The floor is strewn with black lumps about the size of potatoes somewhere around four kilometers below the Pacific’s surface in a section of dark water that hardly anyone has ever seen. They appear unremarkable. They accumulated metal over millions of years, much like a pearl gathers around grit. And people are currently fighting over who gets to pick them up in government offices and boardrooms that are far from the water.
It’s difficult to ignore how quickly the atmosphere has changed. Deep-sea mining was confined to conference panels and speculative documentaries for many years. Then, in an effort to weaken China’s hold on vital minerals, President Trump signed an executive order in April 2025 to expedite extraction in both US and foreign waters. Months prior, Norway had authorized commercial seabed mining in its own waters. As part of its Vision 2030 plan, Saudi Arabia started a Red Sea initiative. Despite their caution, South Korea and Japan continued to expand their roadmaps. It seems as though a boundary was subtly crossed without the majority of the public noticing.
Cobalt, nickel, copper, and manganese—the unglamorous foundation of batteries, defense systems, and the entire green energy promise—are carried by the nodules themselves. Proponents contend that this could lessen the strain on land-based mines, which have their own setbacks. There is merit to that argument. Additionally, it has a convenient quality that most arguments have when money is at stake.
There’s also money. The CEO of The Metals Company, Gerard Barron, told CNBC that investor interest following Trump’s order was “like night and day,” and he hasn’t held back when expressing his confidence. Before the end of the year, he anticipates receiving a commercial permit. He said, “There is zero chance that this will not happen,” which, depending on the week you hear it, can sound either visionary or reckless. Almost immediately, his company applied for a license under U.S. law, which, if successful, would make it the first to mine international waters for profit.

That “if” is doing a lot of work. Bypassing it would be against international law, according to the International Seabed Authority, a little-known UN agency with headquarters in Kingston, Jamaica, which maintains that it is the only legitimate authority over seabed mining in international waters. In a similar vein, China’s foreign ministry denounced the executive order. The irony is stark: despite never having ratified the UN Convention on the Law of the Sea, the US is now using its own power to seize resources that the treaty refers to as the “common heritage of mankind.”

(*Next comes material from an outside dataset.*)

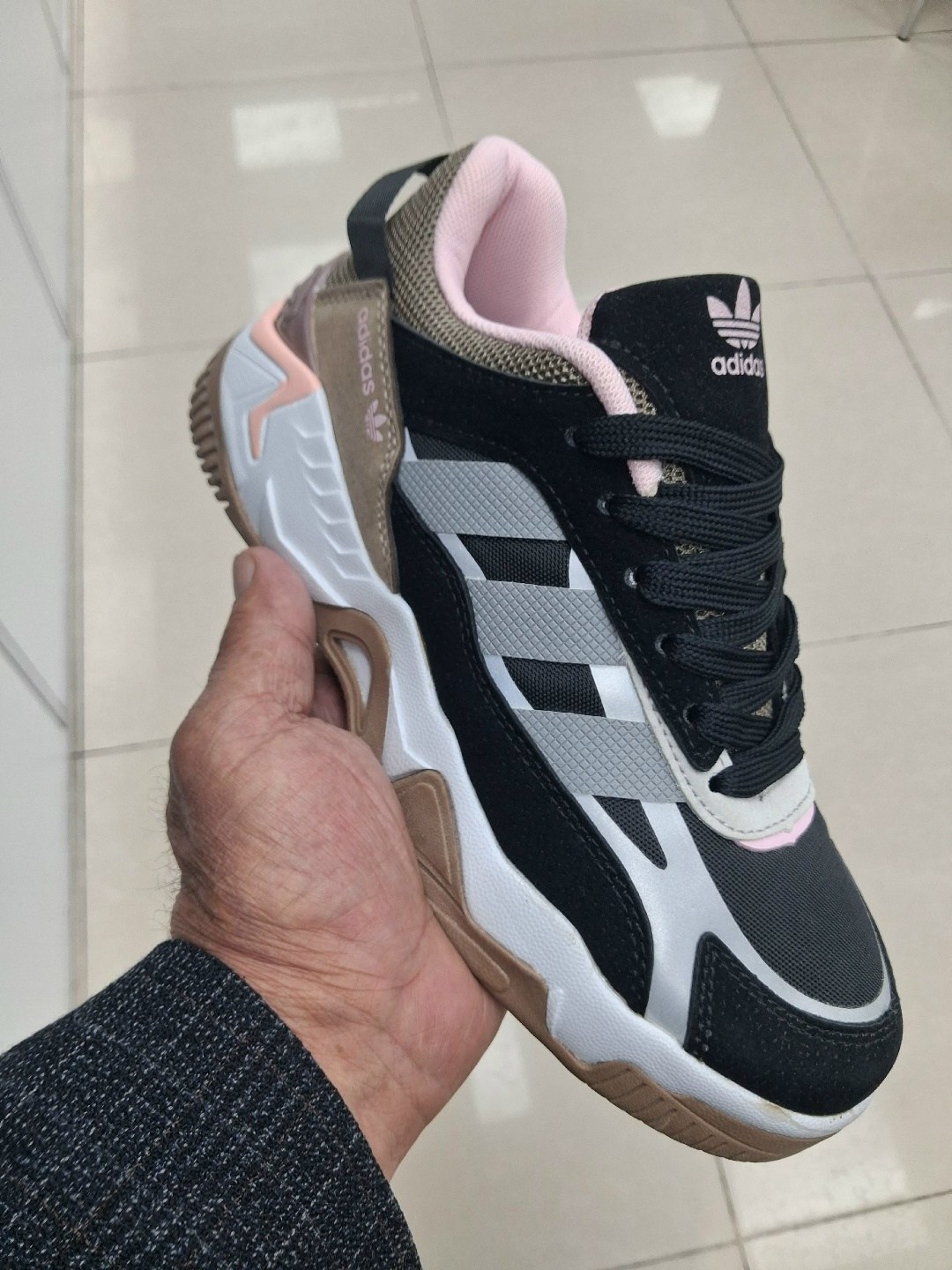 кроссовки adidas,мужские кроссовки adidas,кроссовки adidas niteball,кроссовки мужские adidas niteball,кроссовки adidas niteball 2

There are other factors besides politics that make this truly unsettling. The fact that we know very little about these ecosystems is something that scientists frequently bring up. There aren’t many surveys. There is hardly any long-term monitoring. There is no actual liability framework in place in case something irreversible occurs down there, and restoration techniques are mainly unproven. On a timeline determined more by geopolitics than by evidence, we might be on the verge of industrializing one of the planet’s last unexplored regions, a place we haven’t even mapped.
Ripples are seen by analysts spreading outward. According to Maria Jose Valverde of Eurasia Group, the order might upend the geopolitical board by encouraging other nations to band together against minerals extracted by the United States or pushing the ISA toward a rulebook that it has been unable to complete for years. Everyone is improvising in a world where multilateralism is waning.
The most bizarre aspect of watching this happen is how quiet the location is. Nobody is negotiating down there. For millions of years, the nodules have been oblivious to executive orders and quarterly profits. It remains to be seen if the battle for them will ultimately be more significant than the rocks themselves, or if anyone will be able to pull them up at scale. In any case, the race has begun. The regulations haven’t changed.